Sa véritable interrogation concerne l’application du Status of the Artist Act, loi-cadre pour la création du Professional in the Arts Council. Une institution qui va accorder la carte professionnelle aux artistes.
«Encourager la tenue d’événements culturels ? Mais est-ce que jusqu’à présent on n’a pas plutôt découragé la tenue de ces manifestations ?» se demande Nirveda Alleck. Selon elle, les incitations fiscales annoncées dans le passé n’ont pas été mises en place. L’artiste rappelle que les subventions aux religions «sortent du budget de la culture». Elle estime que l’aide accordée aux socioculturels «aurait dû venir des fonds du bureau du Premier ministre. On utilise trop le ministère des Arts et du Patrimoine culturel pour créer des divisions».
Pierre Argo, artiste nommé sur le board du Professional in the Arts Council : «Trop de religion tue la religion»
«Pour les politiques de tous bords le fait de s’enfermer dans un lieu avec ses coreligionnaires est un atout pour continuer à diviser le peuple. Il y a trop de lieux de culte, pas assez de lieux pour des manifestations culturelles qui sont des engrais pour faire fleurir une nation». Pierre Argo rappelle que nous avons assisté «avec stupeur» à des annulations de concerts à la dernière minute, «où des raisons naïves ont été avancées». Il note que le manifeste de l’Alliance Lepep souhaite maintenant que des manifestations culturelles soient organisées. Pour Pierre Argo, les politiques, «doivent sortir de leur inculture et promouvoir le brassage culturel, qui est le garant du mauricianisme».«C’est la culture qui donnera à Maurice son âme authentique. Est-ce normal d’avoir toutes sortes de centres culturels, sauf un centre culturel mauricien ? Il faut avoir des politiciens comme nous en avons pour cautionner cela !»

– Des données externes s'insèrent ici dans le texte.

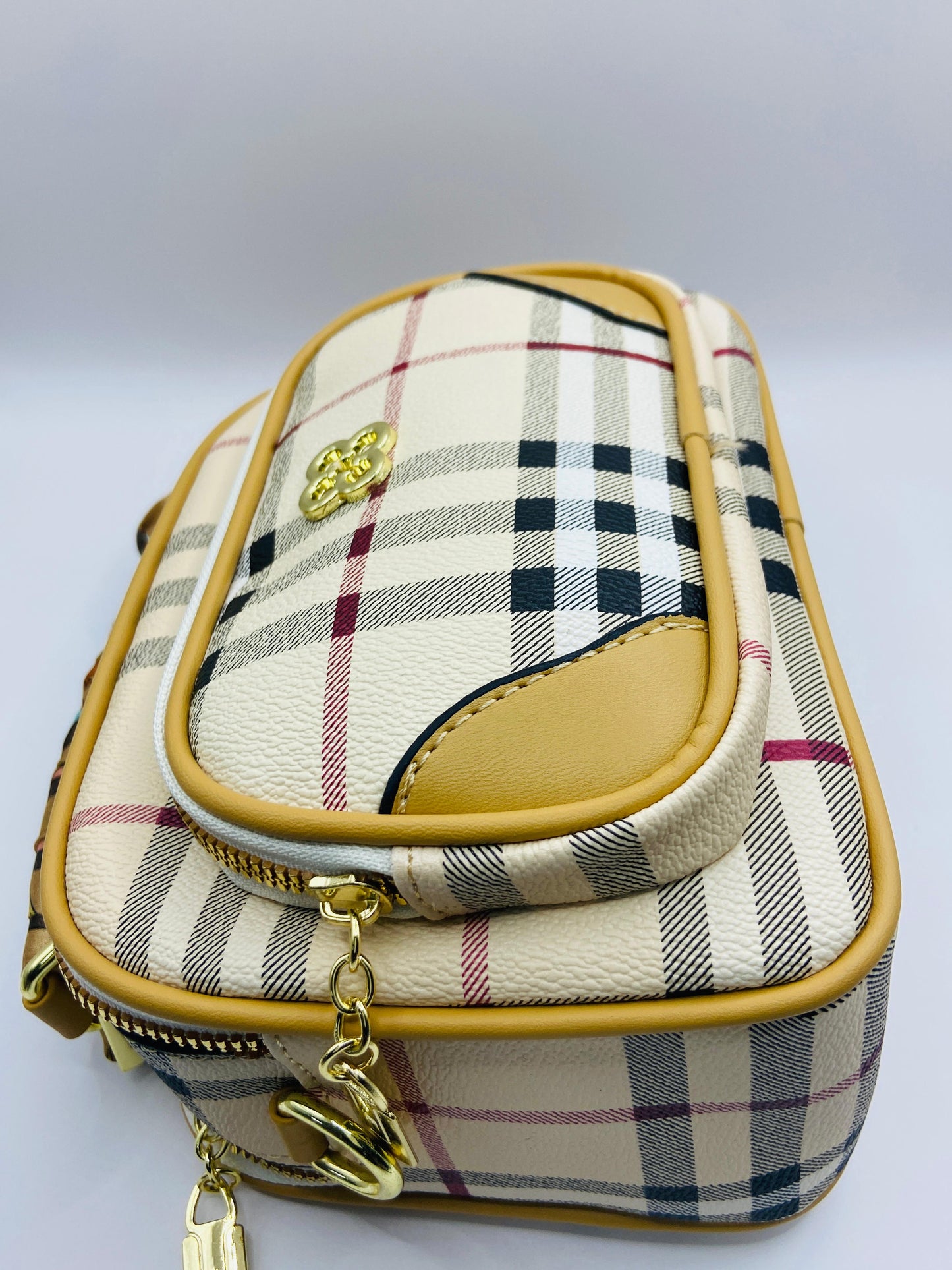 This handbag is a structured, genuine leather tote-style bag designed for modern women who value both elegance and functionality.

Stephan Rezannah, producteur : «Joli emballage, mais le produit est déjà expiré»
«J’ai l’impression que l’État a été aveugle pendant 10 ans. Et que maintenant on va soi-disant avoir de la considération pour les artistes. C’est un joli emballage, mais le produit est déjà expiré. Ce ne sont pas des couleuvres que l’on veut nous faire avaler mais des anacondas.»

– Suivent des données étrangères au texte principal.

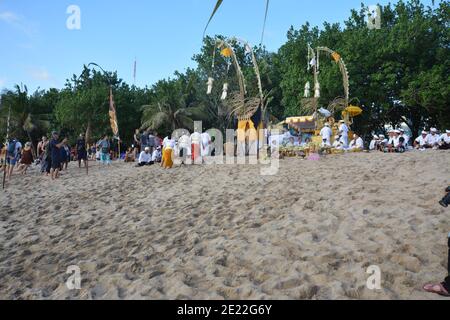 Bali, Indonesien - 12. Januar 2021: Einheimische und Touristen versammeln sich am Strand von Kuta zum Spaß, genießen Surfen und fotografieren die balinesische Kultur Stockfoto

Arrmaan Shamachurn, président de SOS Patrimoine en péril : «Arrêter de s’ingérer dans les affaires religieuses»
Dans une analyse sur la page Facebook Nou Patrimoine Nou Richesse, Arrmaan Shamachurn, qui a été responsable de l’ONG SOS Patrimoine en péril, rappelle que «considérer le domaine des arts et du patrimoine culturel comme un pilier économique n’est pas quelque chose de nouveau». En 2014, un White Paper avec pour objectif Creative Mauritius – Vision 2025 «a été mis au placard. Lors des consultations pré-budgétaires de ces dernières années, il a été proposé de mettre en oeuvre ce rapport mais rien n’a été fait. Cette inaction a occasionné plusieurs années de retard. Dire qu’on va valoriser notre diversité culturelle pour en faire un pilier économique ne convainc guère.»
Il estime que les incitations pour la création d’infrastructures pour accueillir des concerts et activités artistiques seront «largement insuffisantes pour en faire un pilier économique».
Concernant spécifiquement la proposition de parcours du patrimoine, Arrmaan Shamachurn ironise : «Le ministre sortant, qui est candidat, doit attirer l’attention de son leader que cette mesure est comme une aiguille dans une botte de foin. Les problématiques majeures de ce secteur sont largement ignorées et si on insiste avec cette approche, d’ici une année, le patrimoine culturel va encore une fois être voué à l’échec.»
Il insiste également sur la laïcité de l’État mauricien, qui «doit arrêter de s’ingérer dans des affaires religieuses comme recommandé par la Commission Justice et Vérité. Si l’Alliance Lepep veut créer un ministère des Affaires religieuses, il est libre de le faire mais nous dénonçons cette pratique d’utiliser les ressources de la culture pour soutenir des mesures qui frisent le clientélisme et de l’autre côté, ignorer complètement les vrais enjeux du patrimoine culturel supposément à cause des contraintes financières».